Archival Runway Shows

It’s quarantine season—newfound, unusual, and aggressively un-chic. Your friends are on their fourth re-watch of Friends (as if Ross and Rachel will somehow work it out this time) while you sit there, floating through time and space with nothing but your phone, laptop, and a dangerously high screen-time report to keep you company.


And because you’re different, you’ve already moved past the “baking banana bread” phase and the “online yoga in a messy living room” phase. Now, you’re ready for culture. Not Devil Wears Prada culture—you’ve seen that one so many times you can now quote Stanley Tucci’s lines in your sleep. We’re talking actual fashion: the kind that makes you feel like you’ve been front row since birth, even though the closest you’ve gotten is a live stream buffering on your cracked iPad.


Here’s your runway show lineup—fashion history’s cinematic equivalents of comfort food—served to you so you can pretend you’re at Paris Couture Week while actually wearing pajama bottoms and eating cereal for dinner.

Chanel Autumn/Winter 2015 Couture

Chanel Autumn/Winter 2015 Couture

Karl Lagerfeld turned the Grand Palais into a full-blown casino, proving that fashion week can be equal parts haute couture and high-stakes poker night. Kristen Stewart, Julianne Moore, and Lara Stone “played” at blackjack tables while models floated by in intricately embroidered suits that could probably pay off your rent for the next 25 years. Perfect for when you want escapism with a side of quiet existential dread about your bank account.

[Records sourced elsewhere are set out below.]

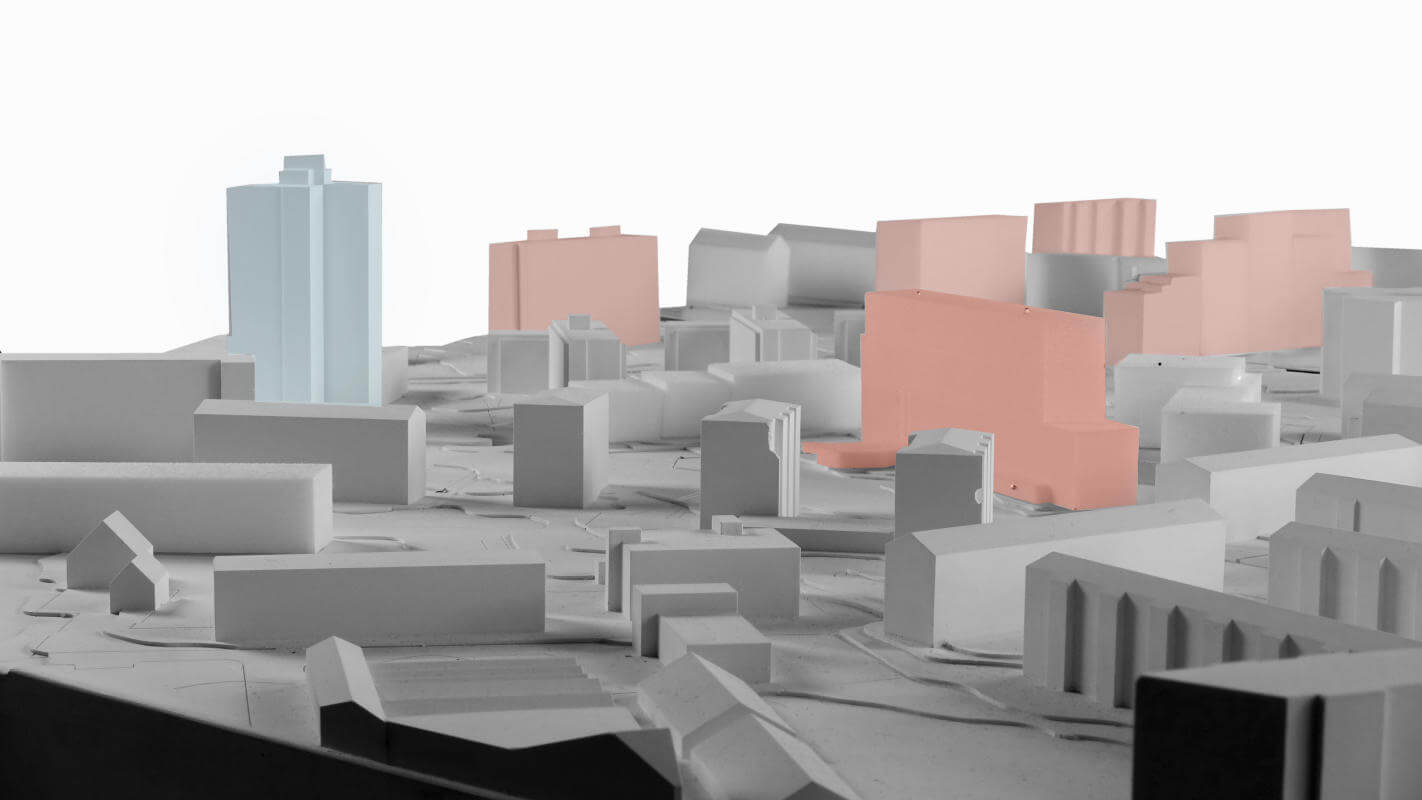 Bember’s brothers. – Volume model (3D-rendering) of the district.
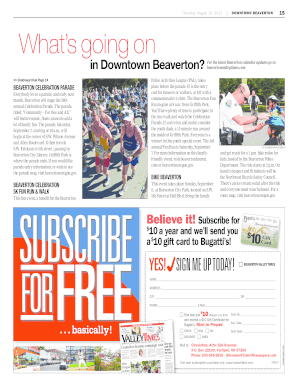 Beaverton Celebration Parade Registration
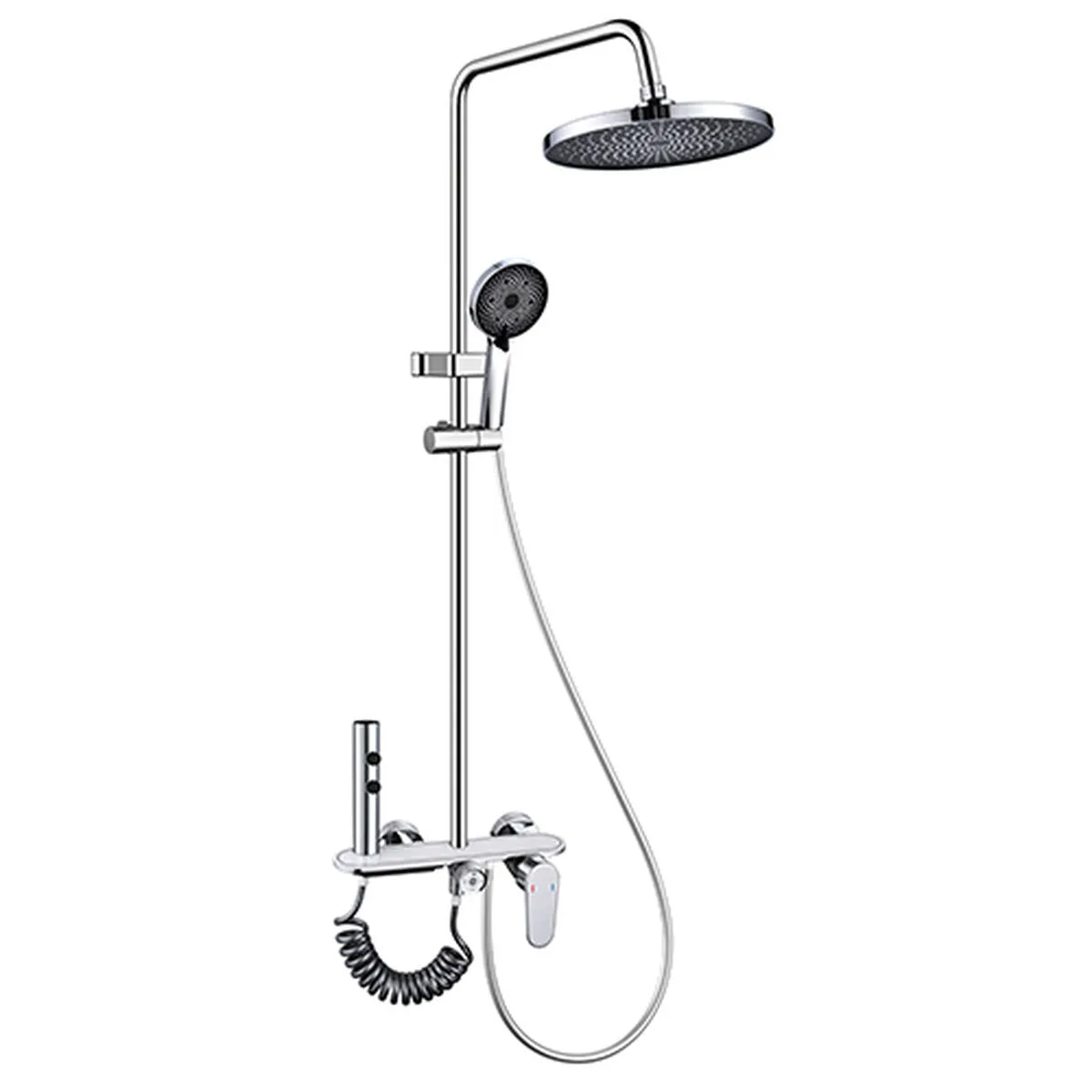Colonne de douche fontastock argente acier inoxydable abs plastique mitigeur chrome s650532999. Diaytar s'adapte à vos besoins avec une gamme complète et variée.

Valentino Haute Couture Spring/Summer 2008

Valentino Spring/Summer 2008

This is the last collection designed by the man himself—Valentino Garavani—before he hung up his measuring tape. Think sweeping gowns, unapologetic glamour, and the kind of unapologetic use of chiffon that says, “Yes, I live in a villa and have an army of butlers.” Watch this when you want to feel nostalgic for an era you weren’t even alive for, but insist on mourning anyway.


Hussein Chalayan Fall 2000 "Runway Show"

Hussein Chalayan Fall 2000

A masterclass in fashion as performance art. This is the show where dresses morphed on the runway, because buttons and zippers are too mainstream. Models transformed furniture into clothing, proving that with enough avant-garde spirit, your dining room table could also double as a cocktail dress. Best watched late at night, when you’re feeling just unhinged enough to start eyeing your IKEA sofa as a potential fashion statement.


Christian Dior Fall 1999 Haute Couture

Christian Dior Fall 1999 Haute Couture

The late, great John Galliano at his most theatrical, in an era before Instagram, where drama lived purely on the runway. This collection is all fantasy—exaggerated silhouettes, unapologetic excess, and the kind of grandeur that makes you wonder if the internet ruined fashion. Ideal for those moments in quarantine when you want to convince yourself you’re above fast fashion, even though you’ve still got that Zara package on the way.


So next time someone asks what you did all day, you can casually say, “Oh, just revisited some archival couture” instead of admitting you actually just lay in bed, slightly horizontal, watching YouTube videos in 480p.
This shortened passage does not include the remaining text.